EXERCISE PROMPT — Your answer should be every line with the word "Sienna", copied from the data below.

DATA SHOWN —
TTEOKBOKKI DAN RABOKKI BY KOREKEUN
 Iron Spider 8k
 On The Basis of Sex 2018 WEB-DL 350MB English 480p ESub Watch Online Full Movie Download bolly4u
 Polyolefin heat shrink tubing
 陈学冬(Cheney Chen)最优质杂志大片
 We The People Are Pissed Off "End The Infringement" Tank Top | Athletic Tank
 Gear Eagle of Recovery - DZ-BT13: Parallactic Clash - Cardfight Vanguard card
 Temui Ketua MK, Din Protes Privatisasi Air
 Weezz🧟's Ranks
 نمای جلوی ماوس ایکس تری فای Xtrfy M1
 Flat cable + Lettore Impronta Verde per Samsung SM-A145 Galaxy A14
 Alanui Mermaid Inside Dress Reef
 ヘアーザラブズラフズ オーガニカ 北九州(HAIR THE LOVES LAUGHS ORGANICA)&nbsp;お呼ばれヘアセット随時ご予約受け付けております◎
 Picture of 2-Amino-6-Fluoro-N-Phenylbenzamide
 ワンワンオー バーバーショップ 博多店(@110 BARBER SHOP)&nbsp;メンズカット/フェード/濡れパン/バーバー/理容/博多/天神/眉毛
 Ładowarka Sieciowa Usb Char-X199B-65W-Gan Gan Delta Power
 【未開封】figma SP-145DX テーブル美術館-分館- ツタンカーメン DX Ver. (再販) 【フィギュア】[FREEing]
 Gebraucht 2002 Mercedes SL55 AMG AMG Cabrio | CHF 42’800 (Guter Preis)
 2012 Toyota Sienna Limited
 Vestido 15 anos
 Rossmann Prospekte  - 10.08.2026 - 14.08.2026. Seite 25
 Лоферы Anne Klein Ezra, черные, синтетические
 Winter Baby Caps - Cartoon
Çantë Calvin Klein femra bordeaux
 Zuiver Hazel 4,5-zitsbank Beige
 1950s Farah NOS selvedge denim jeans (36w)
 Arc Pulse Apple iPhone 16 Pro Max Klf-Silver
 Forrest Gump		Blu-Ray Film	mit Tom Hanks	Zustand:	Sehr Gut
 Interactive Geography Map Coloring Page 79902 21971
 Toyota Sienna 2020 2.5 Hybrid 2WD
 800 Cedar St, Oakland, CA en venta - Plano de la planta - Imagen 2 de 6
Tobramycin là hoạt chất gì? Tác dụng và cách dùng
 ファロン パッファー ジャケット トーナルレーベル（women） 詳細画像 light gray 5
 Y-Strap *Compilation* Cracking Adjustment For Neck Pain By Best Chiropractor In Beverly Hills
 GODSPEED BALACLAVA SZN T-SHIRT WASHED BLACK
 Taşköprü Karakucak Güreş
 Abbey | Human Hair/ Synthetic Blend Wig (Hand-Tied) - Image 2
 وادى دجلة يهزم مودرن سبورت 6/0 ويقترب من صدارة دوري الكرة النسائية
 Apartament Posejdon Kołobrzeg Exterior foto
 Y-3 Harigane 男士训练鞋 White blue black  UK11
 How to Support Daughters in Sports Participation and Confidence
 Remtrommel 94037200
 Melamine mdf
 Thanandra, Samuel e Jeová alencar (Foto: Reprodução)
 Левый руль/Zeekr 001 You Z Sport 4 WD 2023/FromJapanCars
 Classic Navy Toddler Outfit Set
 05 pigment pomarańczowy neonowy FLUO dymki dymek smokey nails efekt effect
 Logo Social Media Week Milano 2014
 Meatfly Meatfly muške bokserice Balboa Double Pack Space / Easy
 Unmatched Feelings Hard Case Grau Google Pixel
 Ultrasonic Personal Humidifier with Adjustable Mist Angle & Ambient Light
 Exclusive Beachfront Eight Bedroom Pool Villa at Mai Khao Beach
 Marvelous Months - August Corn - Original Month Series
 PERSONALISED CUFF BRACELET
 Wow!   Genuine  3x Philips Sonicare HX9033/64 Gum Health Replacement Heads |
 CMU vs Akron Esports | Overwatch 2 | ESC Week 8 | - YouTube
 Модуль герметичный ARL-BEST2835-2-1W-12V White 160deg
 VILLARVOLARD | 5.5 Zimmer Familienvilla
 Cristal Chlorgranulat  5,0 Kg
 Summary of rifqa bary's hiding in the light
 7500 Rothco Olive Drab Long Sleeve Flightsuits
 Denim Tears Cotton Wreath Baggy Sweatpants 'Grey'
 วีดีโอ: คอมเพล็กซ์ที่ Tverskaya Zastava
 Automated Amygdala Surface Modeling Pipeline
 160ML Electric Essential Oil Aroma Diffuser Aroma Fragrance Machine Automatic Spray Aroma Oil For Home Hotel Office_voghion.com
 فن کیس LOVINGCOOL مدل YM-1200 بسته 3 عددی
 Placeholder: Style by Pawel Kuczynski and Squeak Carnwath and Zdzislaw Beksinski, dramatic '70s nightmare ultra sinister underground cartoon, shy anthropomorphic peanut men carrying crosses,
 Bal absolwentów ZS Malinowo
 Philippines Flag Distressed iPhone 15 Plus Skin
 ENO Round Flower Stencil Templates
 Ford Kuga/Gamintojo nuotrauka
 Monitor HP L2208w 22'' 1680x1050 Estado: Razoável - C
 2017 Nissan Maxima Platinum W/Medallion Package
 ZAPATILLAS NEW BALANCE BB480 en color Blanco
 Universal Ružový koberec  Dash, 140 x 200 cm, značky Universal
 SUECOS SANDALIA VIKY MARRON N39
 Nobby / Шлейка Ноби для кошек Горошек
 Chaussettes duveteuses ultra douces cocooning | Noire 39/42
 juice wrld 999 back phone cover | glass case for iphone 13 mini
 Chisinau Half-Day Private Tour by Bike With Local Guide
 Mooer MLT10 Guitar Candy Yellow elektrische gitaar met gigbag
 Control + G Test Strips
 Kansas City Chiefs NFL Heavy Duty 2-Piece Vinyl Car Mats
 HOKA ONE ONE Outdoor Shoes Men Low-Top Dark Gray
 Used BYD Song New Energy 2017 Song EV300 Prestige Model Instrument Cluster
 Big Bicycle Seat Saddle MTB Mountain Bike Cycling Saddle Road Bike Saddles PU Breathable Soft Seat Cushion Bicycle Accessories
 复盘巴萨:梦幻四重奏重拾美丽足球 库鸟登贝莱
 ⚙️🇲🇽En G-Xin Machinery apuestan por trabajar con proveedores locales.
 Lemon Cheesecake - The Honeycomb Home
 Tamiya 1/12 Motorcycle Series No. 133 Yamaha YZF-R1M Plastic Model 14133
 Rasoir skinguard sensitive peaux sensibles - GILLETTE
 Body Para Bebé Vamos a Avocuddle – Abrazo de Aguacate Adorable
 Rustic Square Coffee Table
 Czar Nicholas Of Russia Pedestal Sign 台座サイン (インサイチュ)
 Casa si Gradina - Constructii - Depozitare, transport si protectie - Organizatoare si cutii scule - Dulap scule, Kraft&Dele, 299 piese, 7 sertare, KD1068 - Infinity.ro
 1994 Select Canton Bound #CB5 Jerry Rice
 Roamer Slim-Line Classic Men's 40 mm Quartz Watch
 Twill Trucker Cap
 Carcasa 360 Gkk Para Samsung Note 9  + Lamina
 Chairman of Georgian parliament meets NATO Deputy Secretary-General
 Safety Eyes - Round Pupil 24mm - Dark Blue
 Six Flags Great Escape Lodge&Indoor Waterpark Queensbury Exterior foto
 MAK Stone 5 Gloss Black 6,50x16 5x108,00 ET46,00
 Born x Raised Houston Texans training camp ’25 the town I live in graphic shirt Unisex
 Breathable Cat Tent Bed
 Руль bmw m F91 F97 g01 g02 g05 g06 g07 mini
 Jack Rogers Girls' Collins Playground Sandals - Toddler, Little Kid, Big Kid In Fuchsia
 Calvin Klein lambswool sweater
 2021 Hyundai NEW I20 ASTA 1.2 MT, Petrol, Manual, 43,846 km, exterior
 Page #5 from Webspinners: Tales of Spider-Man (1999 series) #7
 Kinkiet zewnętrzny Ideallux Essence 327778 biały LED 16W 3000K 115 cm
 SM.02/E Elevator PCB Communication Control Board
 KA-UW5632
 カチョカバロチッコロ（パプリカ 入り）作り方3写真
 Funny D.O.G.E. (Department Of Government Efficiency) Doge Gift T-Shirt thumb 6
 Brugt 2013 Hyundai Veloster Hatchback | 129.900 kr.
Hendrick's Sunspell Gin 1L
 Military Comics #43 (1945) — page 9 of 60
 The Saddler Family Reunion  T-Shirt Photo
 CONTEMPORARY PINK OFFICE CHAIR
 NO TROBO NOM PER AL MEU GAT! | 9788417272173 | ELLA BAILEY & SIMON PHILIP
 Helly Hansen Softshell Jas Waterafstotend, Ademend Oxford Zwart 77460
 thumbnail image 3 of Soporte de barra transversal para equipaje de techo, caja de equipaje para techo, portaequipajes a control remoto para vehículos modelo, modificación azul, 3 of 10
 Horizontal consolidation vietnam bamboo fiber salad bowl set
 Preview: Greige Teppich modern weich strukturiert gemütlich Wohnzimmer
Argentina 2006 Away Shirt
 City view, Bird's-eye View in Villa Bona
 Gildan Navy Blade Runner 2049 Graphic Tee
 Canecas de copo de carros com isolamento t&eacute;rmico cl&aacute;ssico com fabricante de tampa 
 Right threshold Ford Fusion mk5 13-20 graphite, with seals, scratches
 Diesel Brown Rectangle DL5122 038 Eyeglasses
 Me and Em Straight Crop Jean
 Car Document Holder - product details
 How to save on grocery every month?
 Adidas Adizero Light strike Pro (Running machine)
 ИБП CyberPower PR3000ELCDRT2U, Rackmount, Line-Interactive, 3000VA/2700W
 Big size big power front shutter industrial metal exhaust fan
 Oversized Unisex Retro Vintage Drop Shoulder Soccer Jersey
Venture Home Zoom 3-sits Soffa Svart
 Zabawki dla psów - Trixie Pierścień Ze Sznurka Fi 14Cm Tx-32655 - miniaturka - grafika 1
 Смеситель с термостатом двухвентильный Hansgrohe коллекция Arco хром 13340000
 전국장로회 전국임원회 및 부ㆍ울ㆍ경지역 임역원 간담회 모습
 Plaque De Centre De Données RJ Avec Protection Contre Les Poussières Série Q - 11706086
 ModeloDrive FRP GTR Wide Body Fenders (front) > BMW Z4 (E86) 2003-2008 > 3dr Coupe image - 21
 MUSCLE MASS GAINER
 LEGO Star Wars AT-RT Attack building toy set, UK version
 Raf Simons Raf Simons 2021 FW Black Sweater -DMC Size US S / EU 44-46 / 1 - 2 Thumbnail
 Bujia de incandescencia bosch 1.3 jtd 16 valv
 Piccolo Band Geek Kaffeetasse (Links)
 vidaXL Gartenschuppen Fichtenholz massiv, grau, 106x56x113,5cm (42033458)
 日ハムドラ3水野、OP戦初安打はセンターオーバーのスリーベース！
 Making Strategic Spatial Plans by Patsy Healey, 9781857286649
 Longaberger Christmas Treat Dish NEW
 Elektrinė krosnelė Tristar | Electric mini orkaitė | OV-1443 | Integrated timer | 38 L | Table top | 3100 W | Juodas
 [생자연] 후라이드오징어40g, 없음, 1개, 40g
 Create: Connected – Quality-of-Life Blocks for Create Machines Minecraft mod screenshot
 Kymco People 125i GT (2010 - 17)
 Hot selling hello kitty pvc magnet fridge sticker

TASK ANSWER —
 2012 Toyota Sienna Limited
 Toyota Sienna 2020 2.5 Hybrid 2WD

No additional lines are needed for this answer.